The restocking fee is not charged if the set is malfunctionning, only if the customer simply changes their mind. Many customers claim a non-existent or intermittent malfunction in order to avoid the fee, and invariably succeed; I applaud your honesty.
I work in the electronics dept. of a large Sears store. We are instructed to make sure the customer is aware of this restocking fee, it's printed on the receipt and we are required to circle the printed statement of the policy in the presence of the customer at time of sale. If you were not made aware of this policy at the time of sale you should have asked to see a manager and explained this and it most probably would not have been imposed.

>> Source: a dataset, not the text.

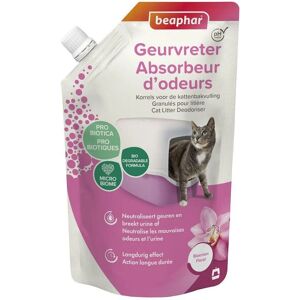 beaphar Absorbeur d'odeurs, granulés pour litière (parfum floral) - 400 g - Publicité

At the particular store I work at, many items like $29 dvd players are returned simply because the customer ran out of ready cash and needs to get a pizza and a sixpack, or because their kid stomped on it and destroyed it. In the past there was a severe problem with people purchasing $3k big screen tvs in time for the Superbowl and returning them the week afterwards, and we still see this happening from time to time. Then you have the people who want to do an in-home demo of a variety of sets before making a final choice, leaving a trail of heavily discounted open-box tvs in thier wake and raising prices for the rest of us--these forums are infested with these clowns.
It is unfortunate that some retailers have found it necessary to take steps to avoid abuse of formerly liberal return policies, but it's not just Sears doing it as evidenced by Costco's recent change to a 90 day return on tvs.
Many times issues with sets that make them unsatisfactory can be discovered in the store prior to purchase, but not always. Without access to the remote you had no way of checking out the menu feaures and some of your other complaints and in stores the remote is not always available to check these things out.
I am not by any means trying to lump you in with the return policy abusers, you are not one of them but you are indirectly one of their victims.